Top of DATA

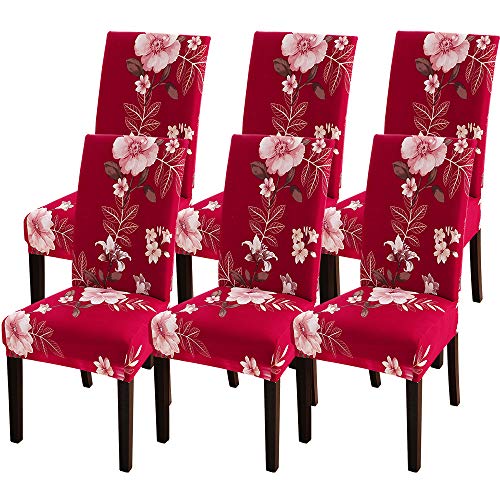 ChicSoleil Stuhlabdeckung Abnehmbare Stuhlbezug Stretch Sitzbezug Blumen Muster Stuhl Hussen Schonbezug Stuhlüberwurf für Hochzeit Restaurant Hotel (Fanghua-Rot, 6 Stück) von ChicSoleil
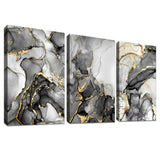 1 x RAW Customer Returns 3 Pcs Grey Gold Marble With Frame Canvas Pictures Poster Art Print Pictures Abstract Picture on Canvas Modern Wall Pictures Wall Poster Living Room Bedroom Wall Decoration 120x60cm 16 x24 x3pcs  - RRP €57.58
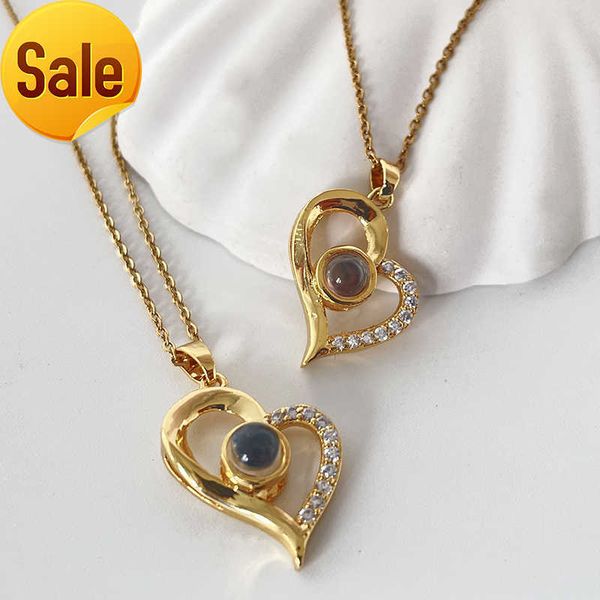 wholesale gift p projection brass 100 languages i love you necklace gold plated heart diamond jewelry for women, Silver
wholesale gift p projection brass 100 languages i love you necklace gold plated heart diamond jewelry for women, Silver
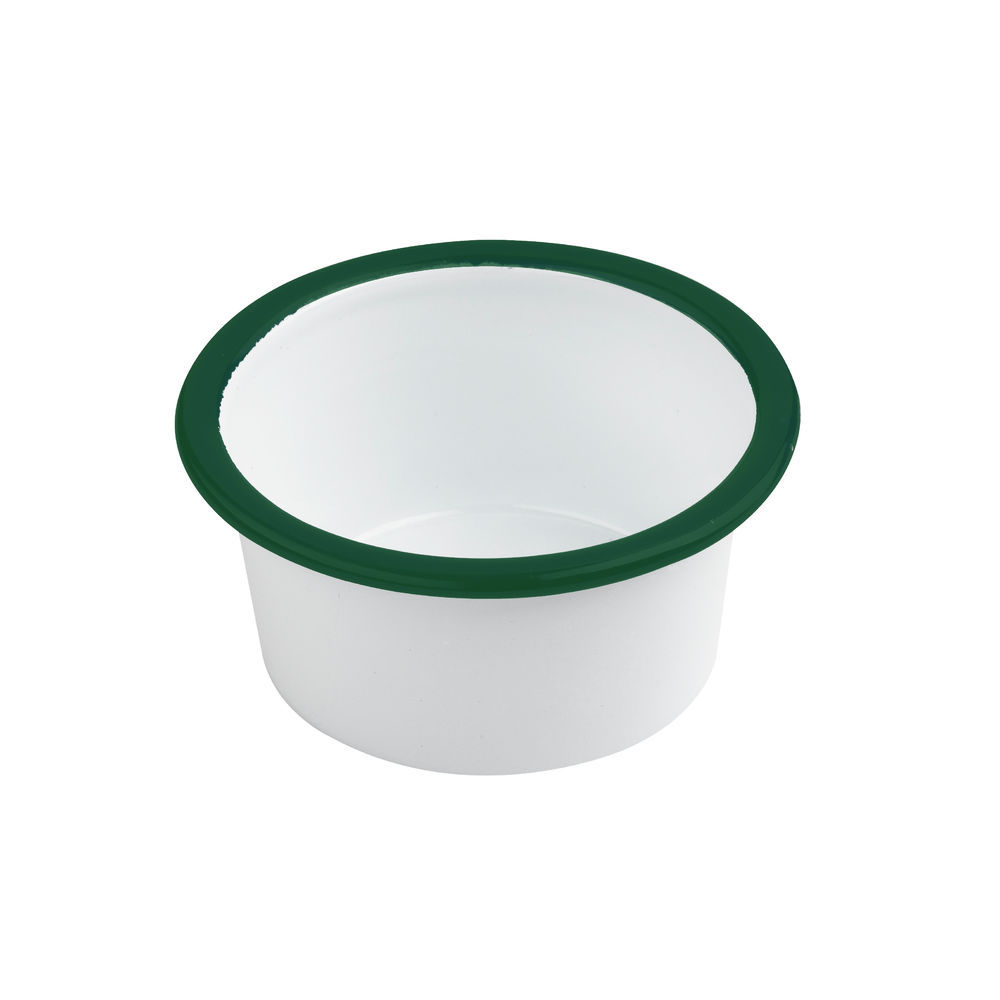 Enamel reusable deep bowl straight side white w/green rim 10oz D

Bottom of DATA

TASK TO CARRY OUT:
Copy every line of the data word for word, omitting the images.

RESPONSE FOR THIS EXERCISE:
 ChicSoleil Stuhlabdeckung Abnehmbare Stuhlbezug Stretch Sitzbezug Blumen Muster Stuhl Hussen Schonbezug Stuhlüberwurf für Hochzeit Restaurant Hotel (Fanghua-Rot, 6 Stück) von ChicSoleil
 1 x RAW Customer Returns 3 Pcs Grey Gold Marble With Frame Canvas Pictures Poster Art Print Pictures Abstract Picture on Canvas Modern Wall Pictures Wall Poster Living Room Bedroom Wall Decoration 120x60cm 16 x24 x3pcs  - RRP €57.58
 wholesale gift p projection brass 100 languages i love you necklace gold plated heart diamond jewelry for women, Silver
wholesale gift p projection brass 100 languages i love you necklace gold plated heart diamond jewelry for women, Silver
 Enamel reusable deep bowl straight side white w/green rim 10oz D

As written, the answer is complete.